[[ Provided data open ]]
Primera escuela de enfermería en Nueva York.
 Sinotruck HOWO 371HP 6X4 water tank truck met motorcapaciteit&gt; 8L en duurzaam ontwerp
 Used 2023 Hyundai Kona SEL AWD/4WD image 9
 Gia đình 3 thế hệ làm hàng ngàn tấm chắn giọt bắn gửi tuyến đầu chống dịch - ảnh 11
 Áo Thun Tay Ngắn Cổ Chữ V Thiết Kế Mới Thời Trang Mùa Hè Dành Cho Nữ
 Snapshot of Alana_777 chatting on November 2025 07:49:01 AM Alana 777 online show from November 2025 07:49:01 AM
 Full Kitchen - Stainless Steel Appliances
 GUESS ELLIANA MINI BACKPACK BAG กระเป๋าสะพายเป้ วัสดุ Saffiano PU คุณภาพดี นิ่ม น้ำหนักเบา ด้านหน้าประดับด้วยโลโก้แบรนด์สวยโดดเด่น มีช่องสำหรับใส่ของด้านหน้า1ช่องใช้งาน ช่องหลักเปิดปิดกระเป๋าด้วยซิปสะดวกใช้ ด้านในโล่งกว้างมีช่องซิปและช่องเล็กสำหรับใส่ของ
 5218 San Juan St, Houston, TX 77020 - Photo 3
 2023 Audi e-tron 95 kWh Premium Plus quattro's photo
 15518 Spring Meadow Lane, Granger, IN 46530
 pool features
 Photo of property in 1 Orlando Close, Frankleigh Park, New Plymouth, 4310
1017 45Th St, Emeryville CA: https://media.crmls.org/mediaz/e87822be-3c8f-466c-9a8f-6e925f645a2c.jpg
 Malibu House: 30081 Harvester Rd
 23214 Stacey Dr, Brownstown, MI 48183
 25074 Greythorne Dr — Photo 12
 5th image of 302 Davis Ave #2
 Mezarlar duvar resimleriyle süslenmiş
[[ Provided data closed ]]
The task
Return every line of the data unchanged.

Response below
Primera escuela de enfermería en Nueva York.
 Sinotruck HOWO 371HP 6X4 water tank truck met motorcapaciteit&gt; 8L en duurzaam ontwerp
 Used 2023 Hyundai Kona SEL AWD/4WD image 9
 Gia đình 3 thế hệ làm hàng ngàn tấm chắn giọt bắn gửi tuyến đầu chống dịch - ảnh 11
 Áo Thun Tay Ngắn Cổ Chữ V Thiết Kế Mới Thời Trang Mùa Hè Dành Cho Nữ
 Snapshot of Alana_777 chatting on November 2025 07:49:01 AM Alana 777 online show from November 2025 07:49:01 AM
 Full Kitchen - Stainless Steel Appliances
 GUESS ELLIANA MINI BACKPACK BAG กระเป๋าสะพายเป้ วัสดุ Saffiano PU คุณภาพดี นิ่ม น้ำหนักเบา ด้านหน้าประดับด้วยโลโก้แบรนด์สวยโดดเด่น มีช่องสำหรับใส่ของด้านหน้า1ช่องใช้งาน ช่องหลักเปิดปิดกระเป๋าด้วยซิปสะดวกใช้ ด้านในโล่งกว้างมีช่องซิปและช่องเล็กสำหรับใส่ของ
 5218 San Juan St, Houston, TX 77020 - Photo 3
 2023 Audi e-tron 95 kWh Premium Plus quattro's photo
 15518 Spring Meadow Lane, Granger, IN 46530
 pool features
 Photo of property in 1 Orlando Close, Frankleigh Park, New Plymouth, 4310
1017 45Th St, Emeryville CA: https://media.crmls.org/mediaz/e87822be-3c8f-466c-9a8f-6e925f645a2c.jpg
 Malibu House: 30081 Harvester Rd
 23214 Stacey Dr, Brownstown, MI 48183
 25074 Greythorne Dr — Photo 12
 5th image of 302 Davis Ave #2
 Mezarlar duvar resimleriyle süslenmiş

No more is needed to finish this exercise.